Sfidò la sorte, ricordando al mondo intero che la vita non è altro che una commedia, la cui riuscita dipende dall'estro artistico, ovvero la capacità di dipingere a tinte luminose l'opera dell'esistenza.

Il giovane era brillante, ambizioso. Provocatorio, irriverente, anticonformista. Un adone del cinema che amava adornarsi di abiti in flanella e cravatte di seta. Ma anche lui aveva una piccola luna storta. Non sopportava il senso comune ed era repellente a qualunque esibizione tra la folla. Howard non era snob. Pur con quel suo portamento aristocratico alla Errol Flynn, preservò un carattere fiero e schietto, a tratti persino brusco, tipico del country gentleman. Non c'è che dire, Hughes era un texano verace. Conobbe ed imparò ad apprezzare la vita mondana ed i lussi dell'alta borghesia, ma disprezzava i radical chic, specialmente quei rampolli che, per pavoneggiare, ostentavano ridicole opinioni da filantropi col portafoglio ben imbottito, o che per essere alla moda si fingevano dei progressisti. Hughes era repubblicano, e lo dimostrò quando, nel '56, elargì parecchi quattrini alla Nixon Incorporated per la campagna elettorale del Presidente.

Hughes era un uomo di destra, ma anarchico, fuori dagli schemi. Dai suoi compagni di partito non ereditò certo un'idea bigotta della società. A tal punto che perfino nelle sue pellicole cinematografiche adorava beffarsi di una morale ipocrita e patriarcale, mostrando seni prosperosi di giovani fanciulle in primo piano.

Per rendere il giusto omaggio a questa personalità eccentrica, bisognerebbe ricordare anche i suoi voli ardimentosi, in cui cercò di sfidare ogni legge della fisica.
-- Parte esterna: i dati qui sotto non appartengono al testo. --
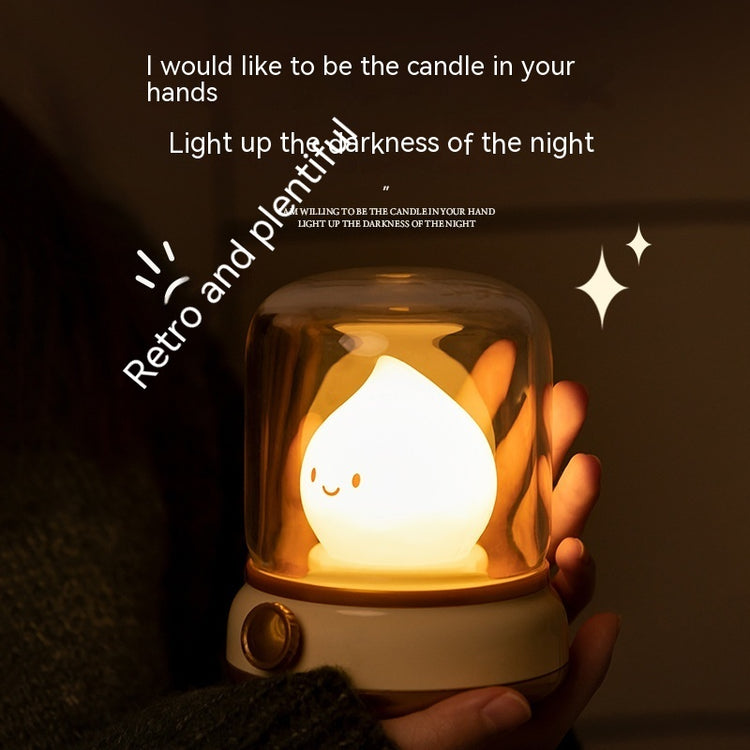 a hand holding a small light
In uno dei suoi primi film, Hell's Angels, diede forma ad una delle più spettacolari rappresentazioni acrobatiche degli anni Trenta. Quasi un centinaio di velivoli solcarono i cieli tappezzati di bianco, prodigandosi in folli manovre da capogiro. Affascinato dalle fantasie letterarie di Jules Verne e dal mito futuristico della velocità, Howard progettò il suo aeroplano, passato alla storia come l'H4 Hercules. Fabbricato dalla sua azienda, la Hughes Aircraft Company, fece il giro del mondo in poco più di tre giorni, affrontando le forze della natura con quel suo solito fare audace e sprezzante del pericolo. Questo resterà di Howard, insieme ai nastrini di seta e al profumo di donna sul dolcevita di cashmere. Profumi di stupefacente varietà, dolci ma forse anche amari, come quello che gli lasciò la raffinata e, allo stesso tempo, scapigliata Katharine Hepburn.

Come ogni amante del rischio, finì in disgrazia, divorato dalle sue ossessioni e dalle ipocondrie. La sua morte non fu gloriosa, ma almeno crepò per quello a cui aveva lavorato tutta una vita, dedicandovi anima e corpo. Era un giorno di primavera quando il suo destriero con le ali lo portò via con sé. Anche le stelle, si sa, prima o poi, si inabissano nella loro stessa luce.